Suppose $q = p^2$ and we have $f: \mathbb{F}_{q} \to \mathbb{F}_{q}$ where $f(a) = a\cdot a^p$
Let $a\cdot a^p = b\cdot b^p$ $\implies$ $a^{p+1} = b^{p+1}$ $\implies$ $a=b$
Hence it is a 1-1 map.
Now $f(a+b) = (a+b)^p\cdot (a+b) = (a^p+b^p)\cdot (a+b) = a\cdot a^p + a\cdot b^p + b\cdot a^p + b\cdot b^p$
The map does not preserve addition. Hence it is not an automorphism.
The mapping $N(a)=a^{p+1}$ is known as the norm map from $\Bbb{F}_{p^2}$ to $\Bbb{F}_p$. It is a homomorphism of multiplicative groups, but, as you observed, does not respect addition.
Its mapping properties can be most easily deduced as follows. The multiplicative group of $\Bbb{F}_q$ (resp. $\Bbb{F}_p$) is cyclic of order $q-1=(p-1)(p+1)$ (resp. cyclic of order $p-1$). Note that for any $a\in\Bbb{F}_{p^2}$ we have $a=a^q=a^{p^2}$. Therefore $$ N(a)^p=(a^{p+1})^p=a^{p(p+1)}=a^{p^2+p}=a^{p^2}a^p=a\cdot a^p=N(a). $$ An element $x\in\Bbb{F}_{p^2}$ belongs to the subfield $\Bbb{F}_p$ if and only if $x^p=x$, so we can conclude that, indeed, $N(a)\in\Bbb{F}_p$ for all $a\in\Bbb{F}_q$.
In a cyclic group $C_{p^2-1}$ raising to power $p+1$ is a homomorphism of groups and a $(p+1)$-to-$1$ mapping. This is basic theory of cyclic groups.
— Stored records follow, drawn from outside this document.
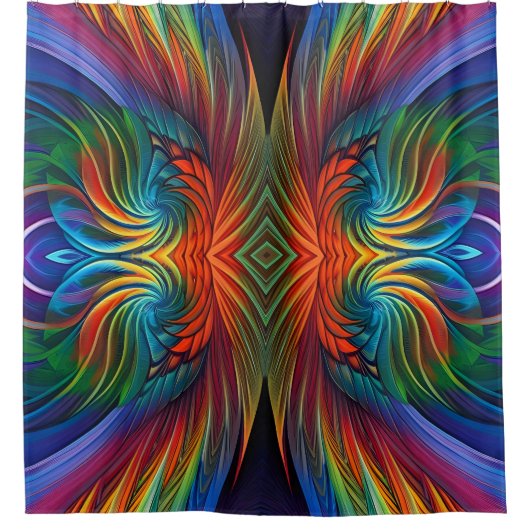rideau de douche tourbillon couleur plumes (Devant)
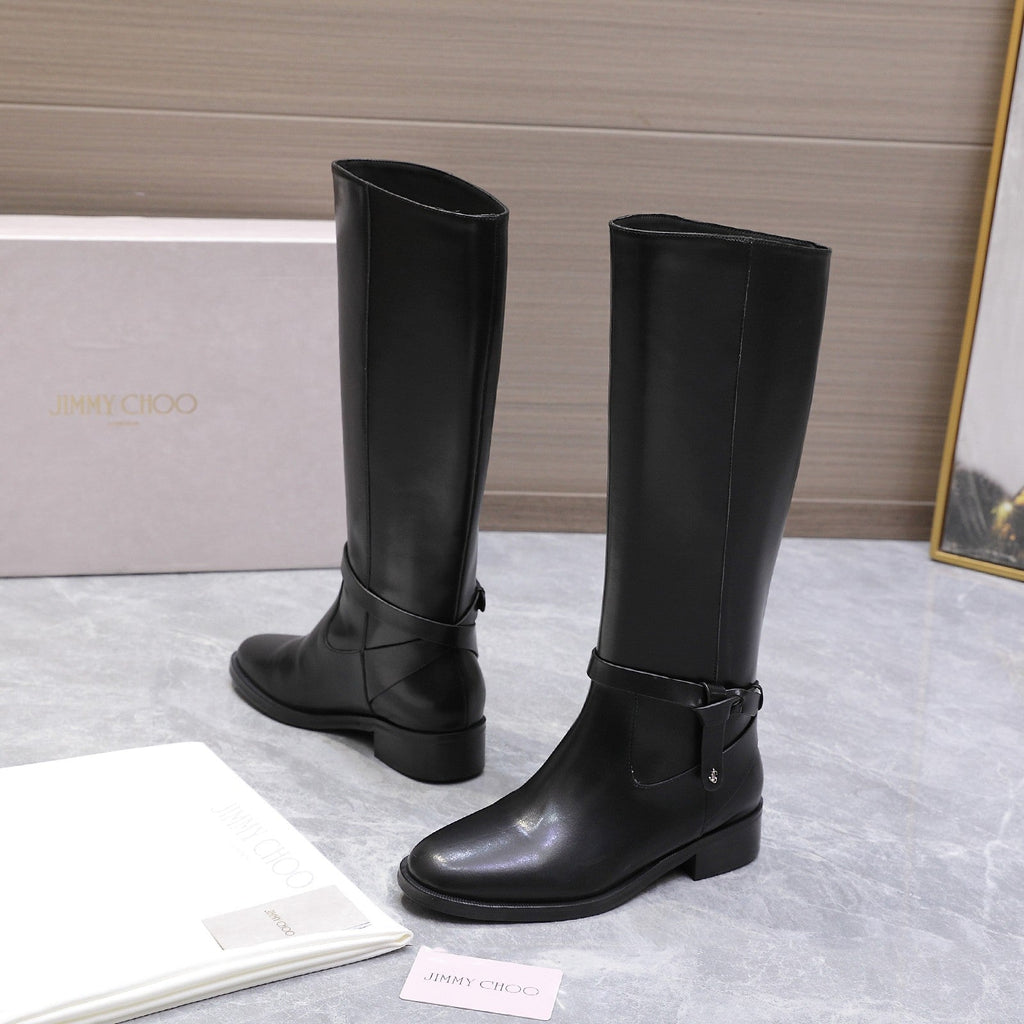 Jimmy Lawton Knee Boots Black Leather 547645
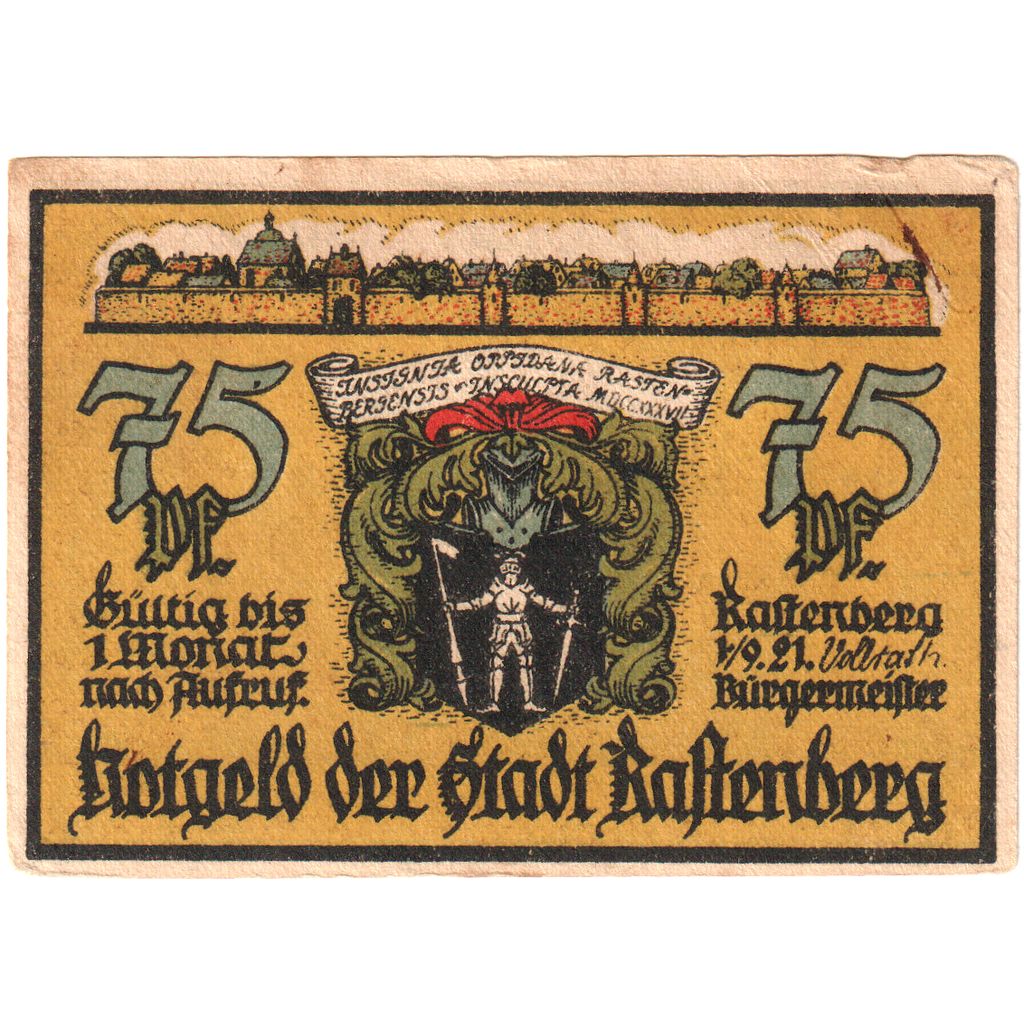 Alemania, Rastenberg, 75 Pfennig, 1921-09-01, MBC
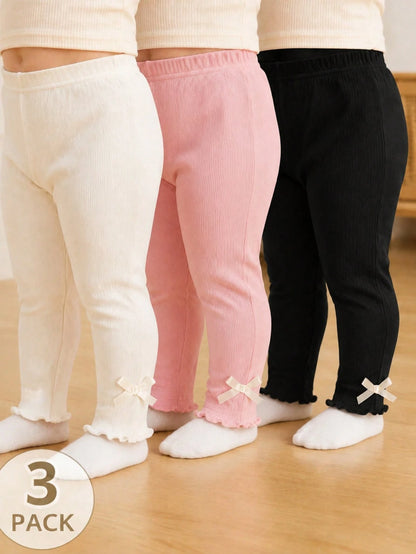 Vintaside Kids Baby Girl 3-Piece Set Cute Pink And Yellow Autumn Graduation Back-To-School Sweet Chic Bow Tie Panties Summer Clothing Insect Repellent Casual Wear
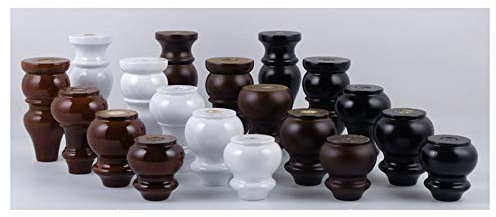 JRPT 4Piece,Furniture legs Tischbeine Flaschenkürbisförmig,Möbelfüße Eukalyptus,1Piece Tragende 150Kg Mehrere Farb Stabil/Weiß / 15cm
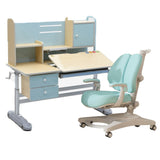 NNEDSZ Height Adjustable Children Kids Ergonomic Study Desk Chair Set 120cm Blue AU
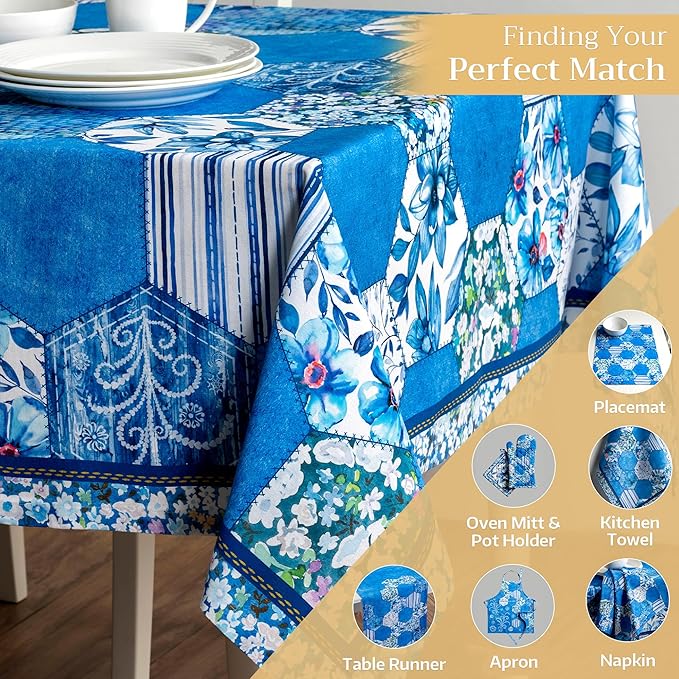 Maison d' Hermine Table Cloth Rectangle Table 100% Cotton 70 x 120 Inches Tablecloth Reusable Decorative for Dining Room Farmhouse Home Valentines Day Decorations Spring Summer - Summer Blues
If $g$ is a generator of $C_{p^2-1}=\Bbb{F}_q^*$, then an arbitrary element $x=g^i$ for some exponent $i, 0\le i<q-1$. Thus $N(x)=g^{i(p+1)}=1$ if and only if $i(p+1)$ is divisible by $p^2-1$ which is equivalent to $i$ being divisible by $p-1$. There are $p+1$ such choices of $i$, so $$ |\ker N|=p+1. $$ A homomorphism of groups is 1-1 if and only its kernel is trivial, so that is not the case.
For an example consider the case $p=2$. Then $$ \Bbb{F}_4=\{0,1,\alpha,\alpha+1\}, $$ where $\alpha$ satisfies the equation $\alpha^2=\alpha+1$. Here clearly $N(0)=0$ and $N(1)=1$. We can also calculate that $$ N(\alpha)=\alpha^3=\alpha\cdot\alpha^2=\alpha(\alpha+1)=\alpha^2+\alpha=2\alpha+1=1. $$ Also $$ N(\alpha+1)=N(\alpha^2)=N(\alpha)^2=1^2=1. $$ Thus we verified the earlier claim that $\ker N$ has $p+1=3$ elements.
Summary: The mapping respects multiplication but does not respect addition. Its image is exactly the subfield $\Bbb{F}_p$. The element $0$ has a single preimage. All the other elements of $\Bbb{F}_p$ have $p+1$ preimages.